THE Philippines has to “restart” its talks with the United States for the reauthorization of the US Generalized System of Preferences (GSP), a mechanism that provides for duty-free exportation of select goods from the Philippines.
According to Philippine Ambassador to the US Jose Manuel Romualdez, the reauthorization of the GSP has been delayed due to several issues, including the election of a new US Congress as well as America’s “concentration” on a wider trade relation with the Asean bloc.
“The US is concentrating a lot of their efforts to have more economic activity with Asean Region that’s why we are trying to push ahead with the GSP despite the Indo-Pacific Economic Framework which is now being negotiated at this time,” he said.
A unilateral preferential trade arrangement by the US with 122 beneficiary developing countries and least developed beneficiary countries, the GSP aims to promote economic growth, development, and trade by providing duty-free market access to about 5,000 products in the US.
It expired in December 2020.
“The GSP…has to go through the US Congress. We know the delays are mostly, I guess, with US Congress because of the new speakership issue, a new majority in the House. So we have to restart our talks with them,” Romualdez said.
The 118th Congress of the US convened in January 2023. Earlier last month, the US Congress faced a speakership debacle that left lawmakers incapable of passing legislation.

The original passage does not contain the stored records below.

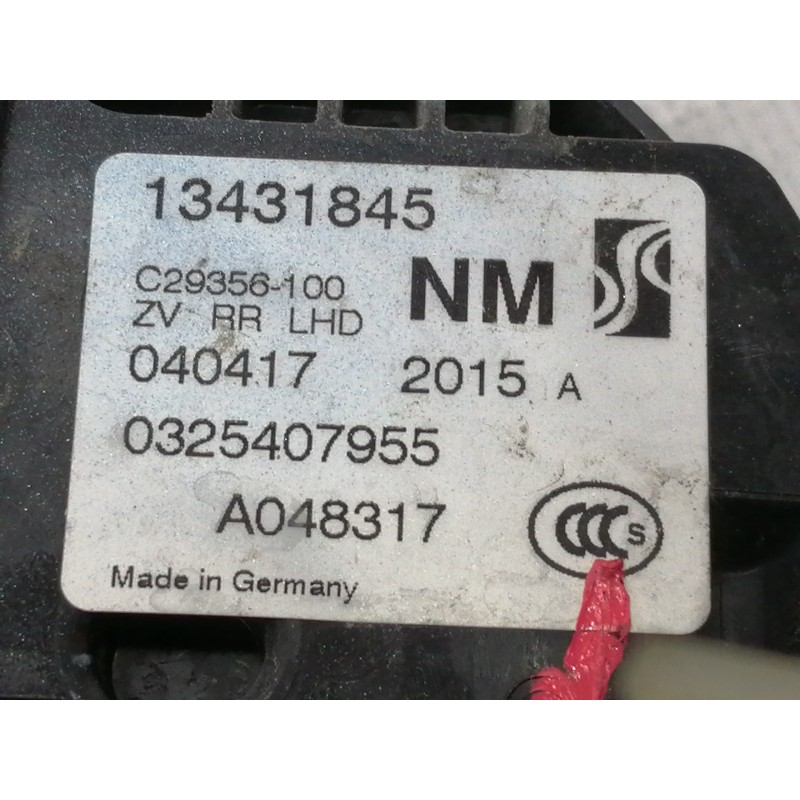 Recambio de cerradura puerta trasera derecha para opel corsa e business referencia OEM IAM 13431845  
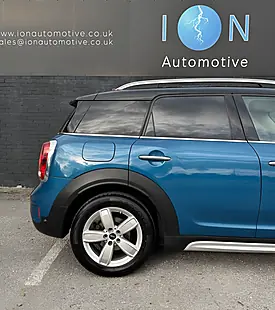 Used 2018 MINI Countryman Cooper Island Blue Met - Interior and Exterior details 10
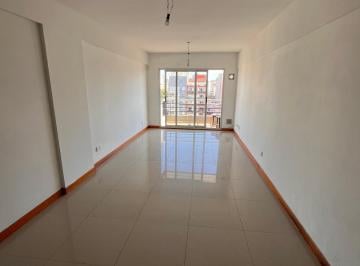 Departamento de 1 ambiente, Villa Luro · Monoambiente de 32 m. con Balcón Al Cfte. • Excelente Ubicación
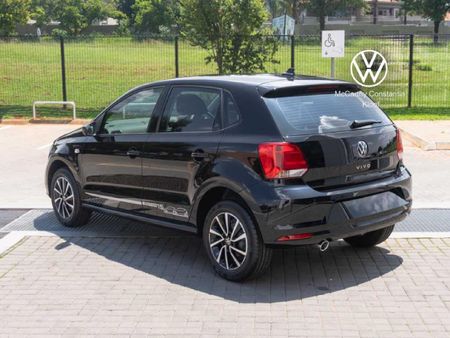 2026-Volkswagen-Polo-Vivo-16-Life_1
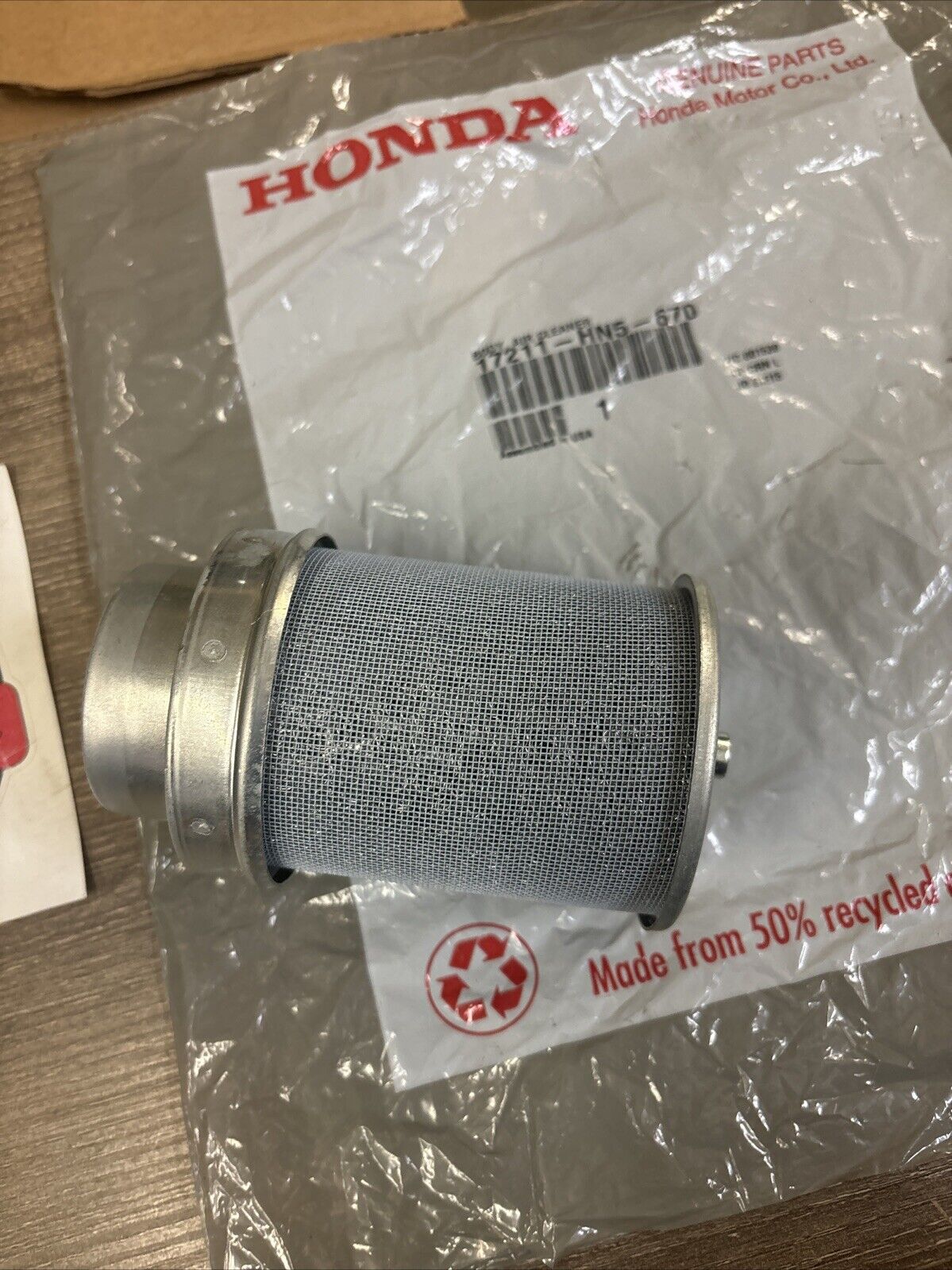 NOS Honda TRX350 FE FM TE TM AIR CLEANER BODY 17211-HN5-670 H136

The GSP requires the approval of the US Congress to be reauthorized.
“Our trade attaché is working on pushing GSP,” Romualdez said. “We are working with trade attaché in Washington and other Asean members like Thailand and Vietnam for the renewal of GSP.”
Last year, during President Marcos’s six-day visit to the US, Department of Trade and Industry Secretary Alfredo Pascual highlighted the importance of the GSP to the Philippines, as he sought US Secretary of Commerce Gina Raimondo’s support for the reauthorization of the trade deal.
Pascual has said that the Philippines had “high utilization rates of the GSP,” demonstrating a growing awareness and demand for GSP-listed export goods from the Philippines.
The trade deal ushers in tangible benefits such as job creation and skills development for the workers in the Philippines.
In 2021, the US ranked as the Philippines’s third-largest trading partner, the top export market destination, and the fifth-largest import supplier.